» **What this task involves**
Take the lines in the listing below from the line with "Des chiens truffés d&#039;agilité à Givrins" up to and including the line with "苔藓和地衣，特写镜头图片下载" and set them down exactly, skipping pictures and adding nothing.

» **Extracted material**
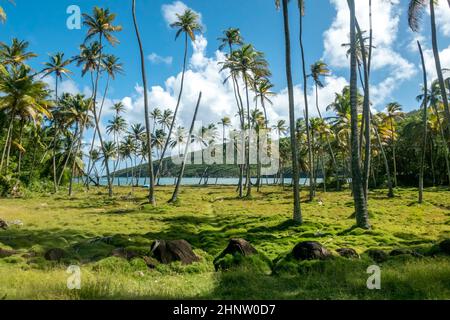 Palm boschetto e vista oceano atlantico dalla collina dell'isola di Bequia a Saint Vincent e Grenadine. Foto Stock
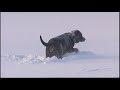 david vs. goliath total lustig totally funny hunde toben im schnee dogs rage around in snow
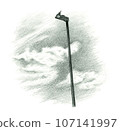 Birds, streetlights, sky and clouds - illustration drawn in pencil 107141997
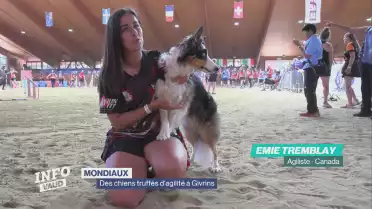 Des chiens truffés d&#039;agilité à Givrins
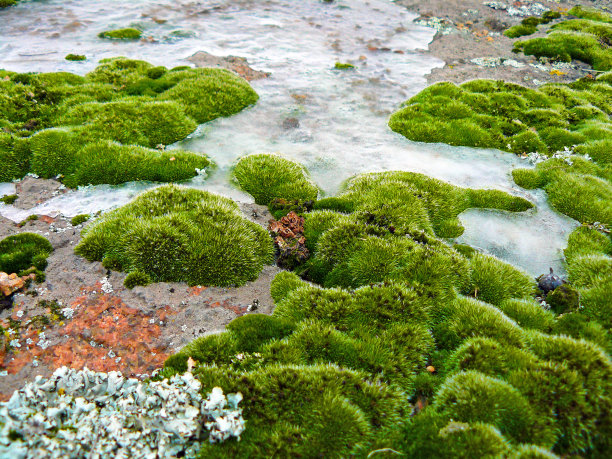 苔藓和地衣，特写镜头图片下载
* * *
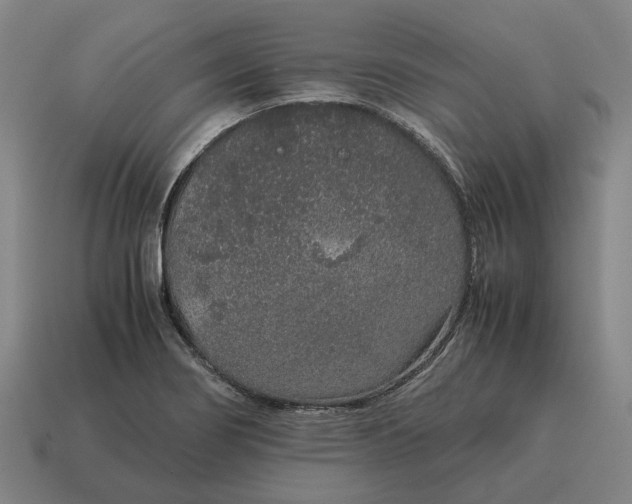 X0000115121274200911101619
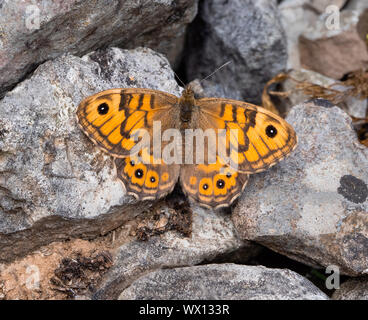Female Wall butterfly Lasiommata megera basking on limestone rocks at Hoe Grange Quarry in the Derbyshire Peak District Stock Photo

» **Output for this task**
 Des chiens truffés d&#039;agilité à Givrins
 苔藓和地衣，特写镜头图片下载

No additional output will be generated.